Italian Joins Semantic Web with LiITA Project

Universita Cattolica del Sacro Cuore

Many Italian texts, lexicons, and dictionaries are just a click away, interacting seamlessly to form a bridge between words and knowledge. This enables users to see, and thus predict, where these terms are and will be used (in other words, their occurrences), creating a network that interlinks Italian language resources. This network fosters dialogue between resources, revealing new perspectives and enabling the development of artificial intelligence models for advanced linguistic analyses. These are some of the main objectives of LiITA (Linking Italian), an extraordinary observatory for digital linguistic data, both textual and lexical, focused on the Italian language. LiITA focuses on the creation of an interoperable Knowledge Base (KB) for Italian language resources (from dictionaries to texts, ancient and modern), following the principles of the Linked Data paradigm used in the Semantic Web.

The LiITA project will be presented at the conference CLiC-it 2024 – Tenth Italian Conference on Computational Linguistics, scheduled to take place in Pisa from December 4 to 6, 2024 ( https://clic2024.ilc.cnr.it/ ).

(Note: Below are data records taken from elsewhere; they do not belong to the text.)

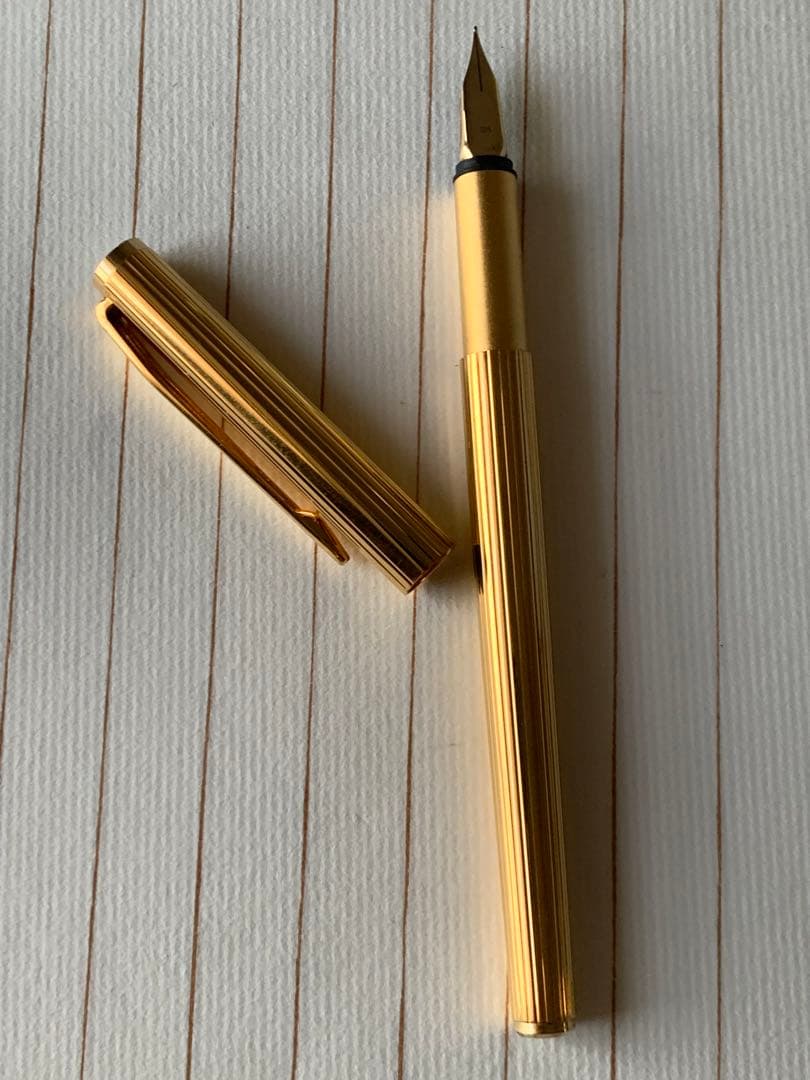 Montblanc モンブラン Nobless ゴールド 14K ペン先 万年筆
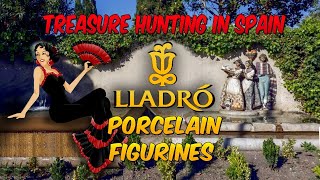 Collecting Lladro Porcelain Figurines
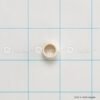 GE REFRIGERATOR PLUG BUTTON THIMBLE BISQUE - WR02X10850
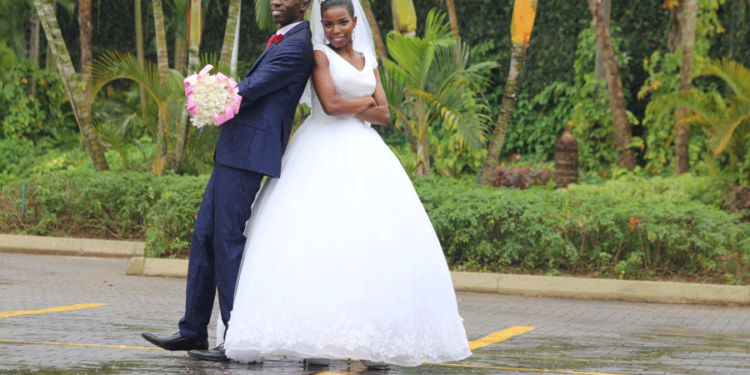 ‘We were destined to get married’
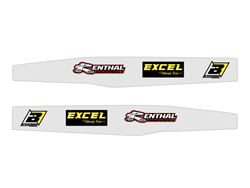 Zeige Details für Schwingenaufkleber KTM SX 07-19 / EXC 08-19 Bild von Schwingenaufkleber KTM SX 07-19 / EXC 08-19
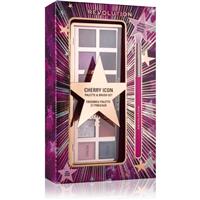 Makeup Revolution Xmas 2025 Cherry Icon Christmas gift set for the eye area
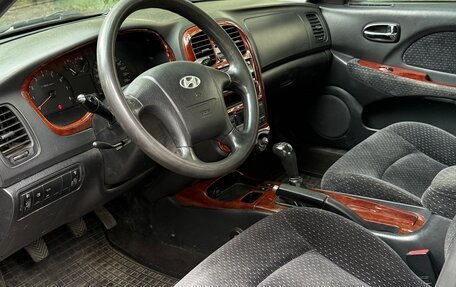 Hyundai Sonata IV рестайлинг, 2006 год, 380 000 рублей, 6 фотография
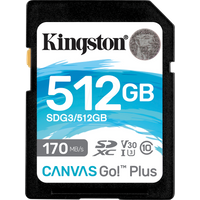 Canvas Go! Plus 64 GB SDXC, Speicherkarte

Additionally, a paper titled The Lemma Bank of the LiITA Knowledge Base of Interoperable Resources for Italian will be featured in the conference proceedings.

Funded by Italy's Ministry of University and Research through a PRIN-2022 PNRR grant of €237,695, the LiITA project is led by the Catholic University of the Sacred Heart, Milan campus, under the coordination of Dr. Eleonora Litta, in collaboration with the University of Turin. According to Professor Marco Passarotti, a computational linguistics expert at the Faculty of Linguistic Sciences and Foreign Literatures at the Catholic University, the architecture of the LiITA Knowledge Base is straightforward and portable to any language.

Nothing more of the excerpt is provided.